- Opening Delimiter -
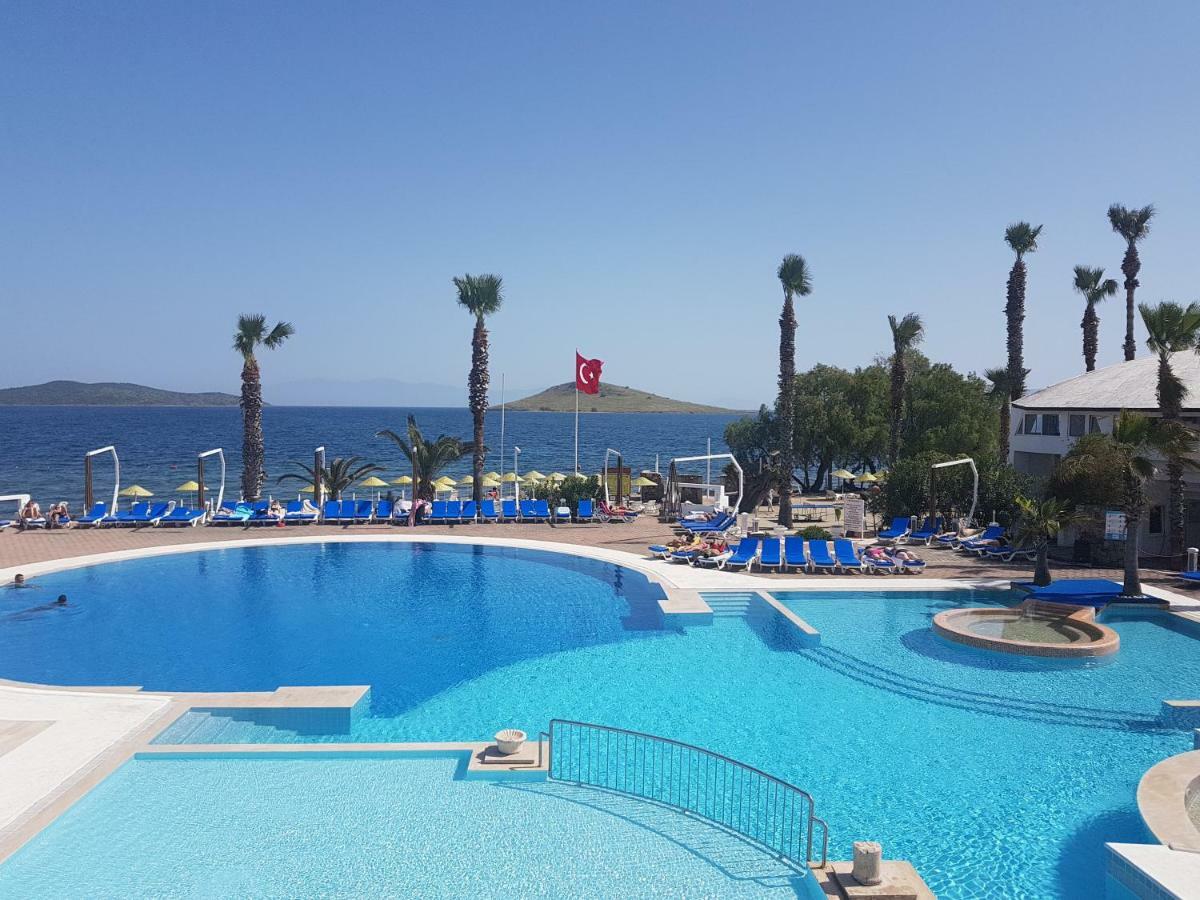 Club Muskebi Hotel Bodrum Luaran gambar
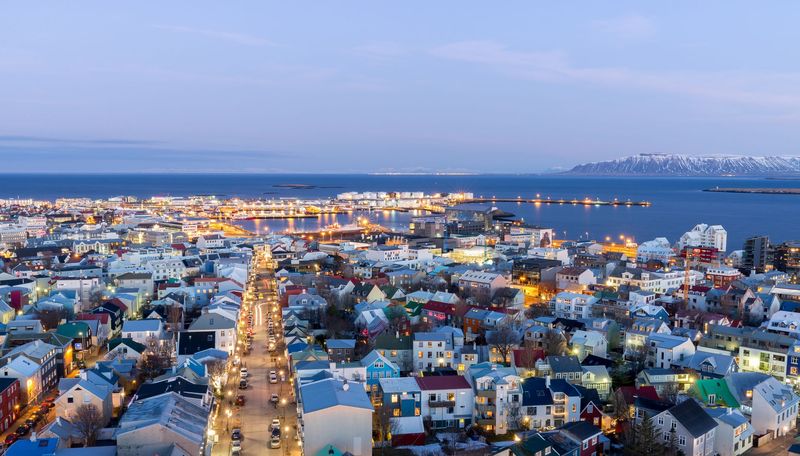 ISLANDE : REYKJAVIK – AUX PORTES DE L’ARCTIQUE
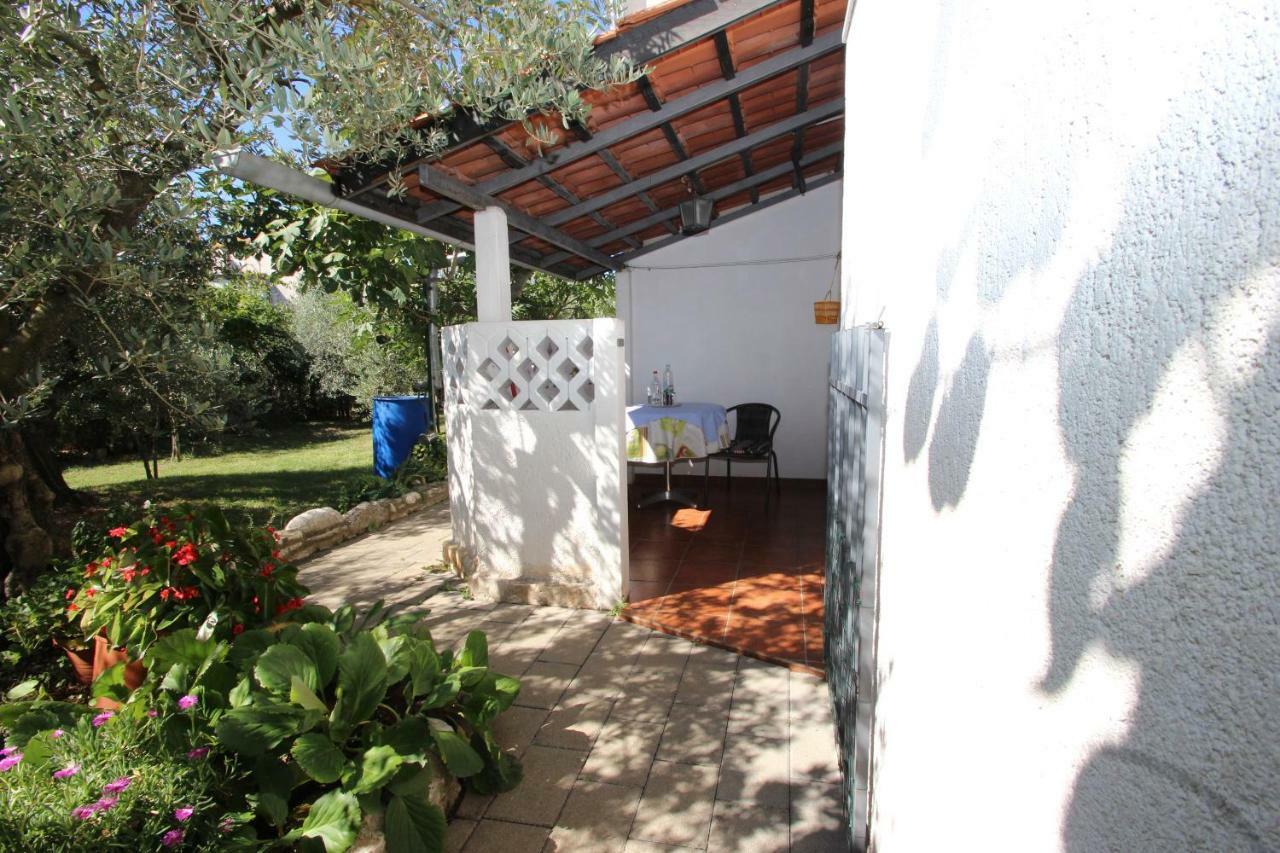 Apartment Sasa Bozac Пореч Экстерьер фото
- Closing Delimiter -
- _INSTRUCTIONS TO FOLLOW_: Everything in the material must be duplicated exactly, except the pictures.

- _ANSWER FOR THIS EXERCISE_:
 Club Muskebi Hotel Bodrum Luaran gambar
 ISLANDE : REYKJAVIK – AUX PORTES DE L’ARCTIQUE
 Apartment Sasa Bozac Пореч Экстерьер фото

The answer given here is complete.